Jack the Ripper Tours in London: Walk Whitechapel's Streets

By
Susanne Sperling
Published
May 8, 2026 at 08:00 AM

# Jack the Ripper Tours Bring Whitechapel's 1888 Murders Back to Life

Visitors to London can join guided walking tours through the Whitechapel district that retrace the unsolved 1888 Jack the Ripper murders, departing year-round from the East End. The most distinctive option, the Jack the Ripper Tour with Ripper-Vision, uses handheld projectors to display Victorian-era images of the very streets where the killings took place — turning a modern London evening into a window onto the autumn of terror that gripped the British capital more than 130 years ago.
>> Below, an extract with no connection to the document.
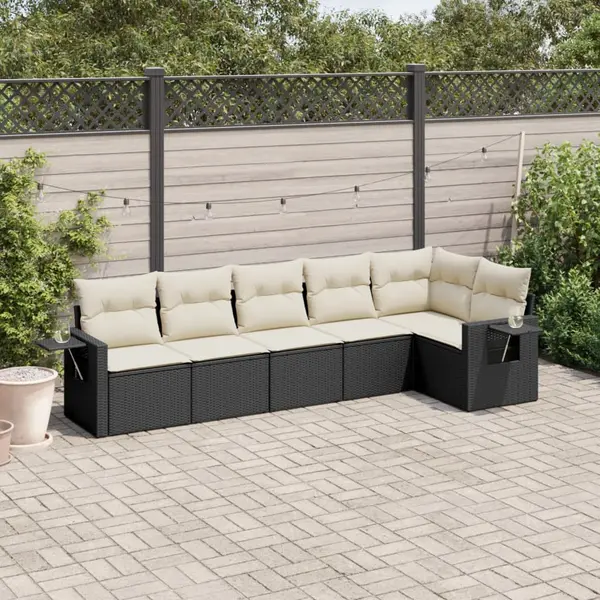 Gossi set mobilier de gradina cu perne, 6 piese, negru, poliratan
The Crimes That Shocked Victorian London

In the late summer and autumn of 1888, an unidentified killer murdered and mutilated several women in the East End of London. The crimes were concentrated in Whitechapel, then one of the most impoverished districts in the capital, where overcrowded lodging houses, poorly lit alleys and grinding poverty created the conditions in which the killer was able to strike and disappear without trace. The murderer was never identified, and the case remains one of the most studied unsolved crimes in modern history.
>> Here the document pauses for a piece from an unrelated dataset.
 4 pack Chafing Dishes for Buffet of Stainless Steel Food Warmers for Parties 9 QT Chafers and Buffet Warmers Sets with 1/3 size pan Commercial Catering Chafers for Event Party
The tours focus on the geography of those killings — the courtyards, pubs and street corners where bodies were discovered and where police, journalists and vigilance committees searched in vain for a suspect. Walking the route at night, with the same narrow streets still recognisable, is the closest most visitors will come to the atmosphere of the original investigation.

The Ripper-Vision Tour

The Jack the Ripper Tour with Ripper-Vision lasts approximately 1 hour and 45 minutes and is priced from $24.90 per person, according to its

Viator listing
. The tour begins at the Whitechapel Gallery, 77–82 Whitechapel High Street, London E1 7QX — directly beside Aldgate East Tube Station, Exit 3 — and finishes at 101 Commercial Street, London E1 6BG, near Spitalfields Market.

The defining feature is the RIPPER-VISION™ handheld projector. As the group stops at each location, guides project archival images of how Whitechapel looked in 1888 onto walls and pavements, allowing visitors to compare the gentrified East End of today with the slum streets the Ripper actually walked. Guides cover the established facts of the murders alongside the long list of conspiracy theories and suspect names that have accumulated over more than a century.
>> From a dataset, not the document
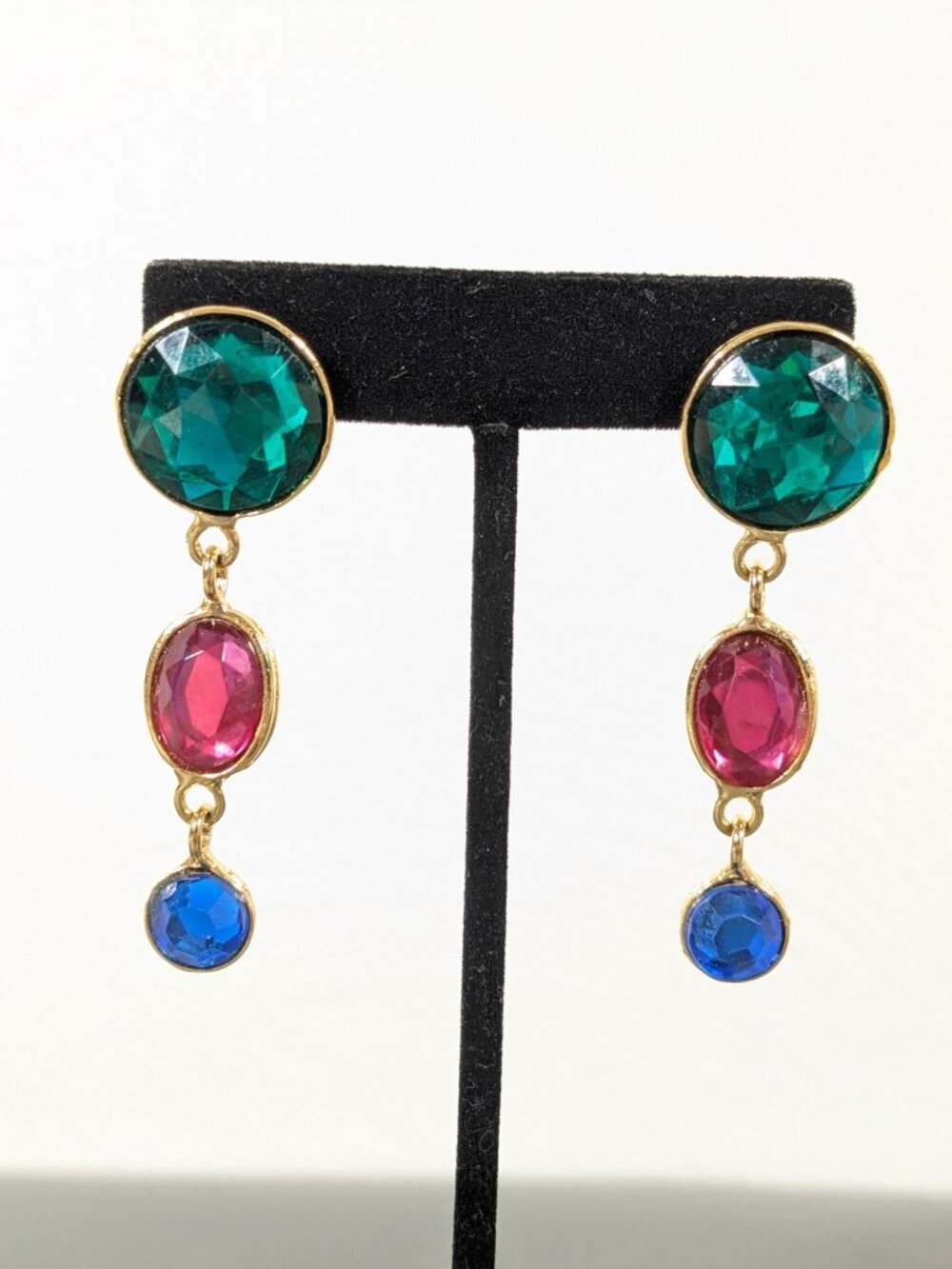 Retro Jewel Tone Dangle Earrings Gold Tone Green Pink Blue Bold Statement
Other Active Ripper Walking Tours

Whitechapel supports several competing tours, all currently bookable through Viator. The standard Jack the Ripper Walking Tour in London runs about 2 hours and starts from $23. A 90-minute version is also offered, priced from $33.63. The Original Jack the Ripper guided tour, also approximately 2 hours, finishes at The Ten Bells pub at 84 Commercial Street, London E1 6LY — a Victorian public house historically associated with at least one of the canonical victims and a fixture in Ripper folklore. A two-hour guided walking tour focused specifically on Whitechapel is also available from $23.

A full overview of currently operating options can be found on the Viator London crime tours page, where most tours offer mobile tickets and free cancellation. For exact start times and group sizes, contact the operator directly via the booking page.

Practical Information

Meeting point (Ripper-Vision tour): Whitechapel Gallery, 77–82 Whitechapel High Street, London E1 7QX.

Nearest Underground: Aldgate East (District and Hammersmith & City lines), Exit 3.

Duration: Approximately 1 hour 45 minutes for the Ripper-Vision version; other tours run 90 minutes to 2 hours.

End point: 101 Commercial Street, London E1 6BG, near Spitalfields Market — well placed for a drink or meal afterwards in one of the East End's many restored Victorian pubs.

What to bring: Comfortable walking shoes and weather-appropriate clothing. Tours run in the evening, when the projection technology is most effective and the atmosphere of the streets most closely resembles 1888.

Why It Still Matters

More than 130 years after the murders, no consensus exists on the killer's identity. Walking Whitechapel after dark is not only a way to engage with one of history's most enduring criminal mysteries — it is also a tour through the social history of Victorian London, its press, its policing and the world of the women whose deaths shaped the modern crime story.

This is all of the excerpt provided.